Creo que el amor es lo que cambia mi forma de mirar la vida. Cambia mi humor, hace que la tristeza se torne alegría.
Recuerdo un diálogo del Principito hablando de las estrellas: “Las gentes tienen estrellas diferentes, no son las mismas para todos. Para algunos, los que viajan, las estrellas son sus guías. Para otros, no son otra cosa que pequeñas lucecitas. Para otros, los sabios en astronomía, entrañan problemas. Para mi hombre de negocios, eran oro. Pero ninguna de esas estrellas habla. Tú, sin embargo, tendrás estrellas diferentes, como nadie las ha tenido. – ¿Qué me quieres decir? -Cuando por la noche mires el cielo, estaré en una de esas estrellas; y como yo reiré te parecerá que todas las estrellas ríen para ti. ¡Tú tendrás estrellas que saben reír!”.
Creo que mirar la luna y las estrellas me enseña a vivir, a reír, a amar. Dejo de mirar los problemas de cada día que tanto me turban. Y en la oscuridad de mi alma entra una luz tenue que todo lo ilumina.
Miro las estrellas y la luna para aprender a mirar dentro de mí. Sin violencia, sin ruidos, sin prisas. Miro a ese Dios que está conmigo, en mi interior. Oculto y callado.
Decía san Agustín: “Las personas viajan para maravillarse ante las alturas de las montañas, las enormes olas del mar, la inmensa vastedad del océano, el movimiento circular de las estrellas, y, sin embargo, se contemplan a sí mismos sin mostrar el menor asombro. Oh, Señor, siento que Tú estabas delante de mí, pero como yo había huido de mí mismo, no me encontraba, ¿cómo iba a encontrarte a ti?”[1].
Busco a Dios fuera de mí, y necesito aprender a verlo en mi interior.
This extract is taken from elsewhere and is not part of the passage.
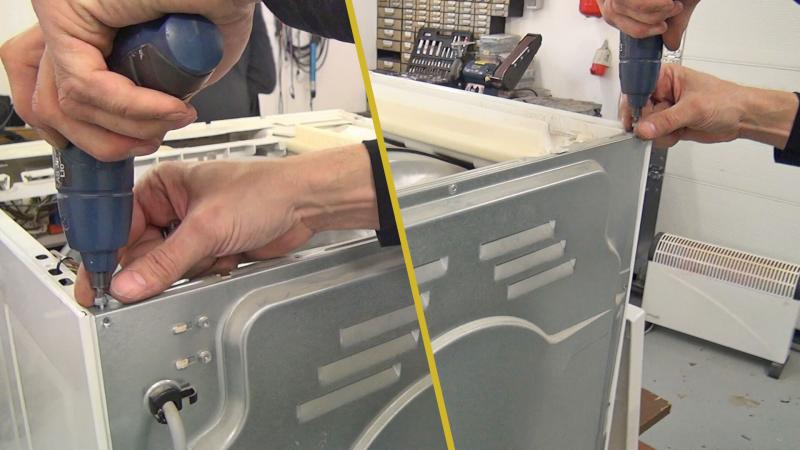 Obere Schrauben der hinteren Geräteabdeckung entfernen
Las estrellas de mi alma iluminan mi camino.
Su reino crece muy quedo, muy dentro de mí. Casi no lo percibo. No está Dios en las estrellas, tampoco en la luna. Crece dentro de mí y me habla en medio de la oscuridad de mi camino.
Y es a veces menguante. A veces creciente. A veces luna llena en mi alma. Y otras veces, siendo luna nueva, me desconcierta. Pero está.
No por tener menos luz es más pequeño. No porque yo no lo vea es que no existe. Está siempre velando mis sueños y sosteniendo mi risa.
Para que ría desde la estrella de mi vida con ganas. E ilumine otros paisajes y llene de música otras vidas.
Quiero sostener la vida cuando esté creciendo o decreciendo. O cuando yo mismo sea luna llena que da luz en la noche. Incluso cuando me sienta vacío, o sin luz, aun entonces seguiré estando presente. En medio de la vida y de los días.